The US Department of Justice and the chairman of the country’s regulator, the FCC, have approved the Charter/Time Warner Cable/Bright House Networks mega-merger — with conditions.

All three of these will be seven-year conditions meant to provide additional protection for new forms of video programming services offered over the Internet.
“Based on imposed conditions that will ensure a competitive video marketplace and increase broadband deployment, an order recommending that the Charter/Time Warner Cable/Bright House Networks transaction be approved has circulated to the Commissioners,” said FCC Chairman Tom Wheeler. “As proposed, the order outlines a number of conditions in place for seven years that will directly benefit consumers by bringing and protecting competition to the video marketplace and increasing broadband deployment.”
The conditions also include a provision that the New Charter build an additional two million customer locations out with high-speed Internet connections (25Mbps or faster). At least one million of those connections must be in direct competition with another high-speed broadband provider in the market served, bringing competition and, the FCC said, demonstrating “the viability of one broadband provider overbuilding another”.
“Importantly, we will require an independent monitor to help ensure compliance with these and other proposed conditions,” Wheeler said. “These strong measures will protect consumers, expand high-speed
broadband availability, and increase competition.”
New Charter will combine the fourth, seventh and tenth largest MVPDs in the country. By combining TWC's 11-million strong base with Charter's 4.1 million and Bright House's two million, the new Charter will have 17 million pay-TV subscribers and 18.8 million broadband customers. The top four MVPDs will control 79% of the nationwide pay-TV market, measured in terms of subscribers.
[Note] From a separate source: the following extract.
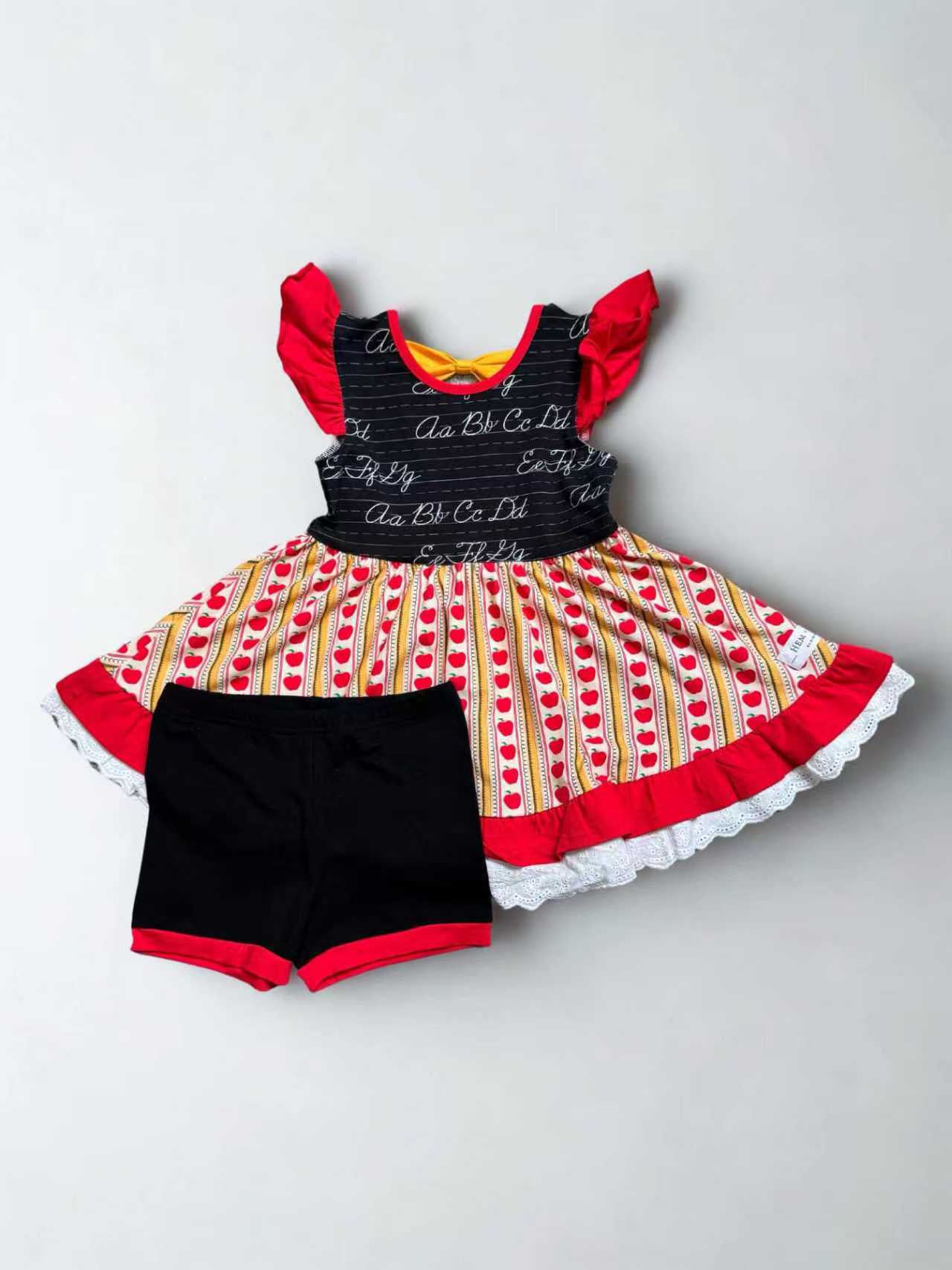 (Pre Order) No moq Pre-order baby girl clothes flying sleeve shorts sets-25.12.8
And the top three alone, according to SNL Kagan, "will control two-thirds of the video delivery universe”.
IBISWorld estimates that the top five players — Comcast, TWC, Cox, Charter and Cablevision — generate about 84.1% of industry revenue.
"What is unclear is whether the merger will lead to better services or faster streaming for customers, or whether it will stem the exodus away from cable providers towards pure stream services," SNL Kagan noted.
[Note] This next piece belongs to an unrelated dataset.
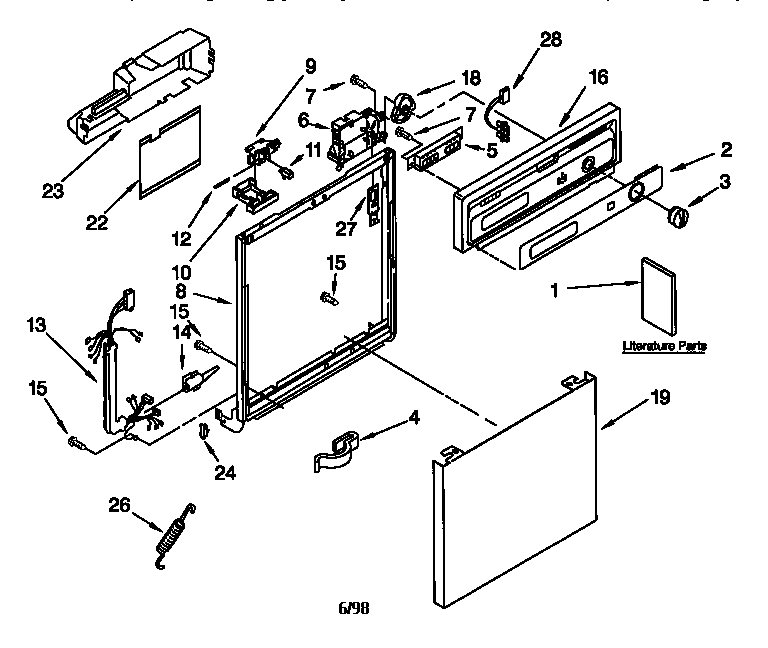 Kenmore 66515708890 frame and console diagram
Charter has said that it would use its new-found scale to build out faster broadband for subscribers; launch an improved cable TV interface; and wider availability of public Wi-Fi. It also stressed that it would invest in innovation that would benefit consumers.
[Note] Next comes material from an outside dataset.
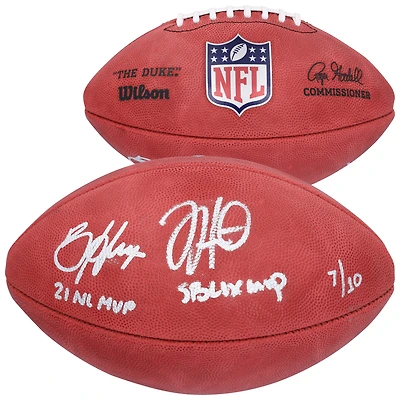 Jalen Hurts & Bryce Harper Autographed Wilson Duke Full Color Football with "SB LIX MPV" & "21 NL MVP" Inscriptions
Opponents argue that the Charter deal will stifle competition from innovative streaming services, decrease opportunities for independent, diverse programmers, reduce competition across a range of related technologies, and increase costs for consumers, all while bringing even worse customer service. These are obviously what the conditions are meant to address.
Wheeler has circulated an order for the merger approval to the other FCC commissioners, who will need to green light the deal for it to become official-official.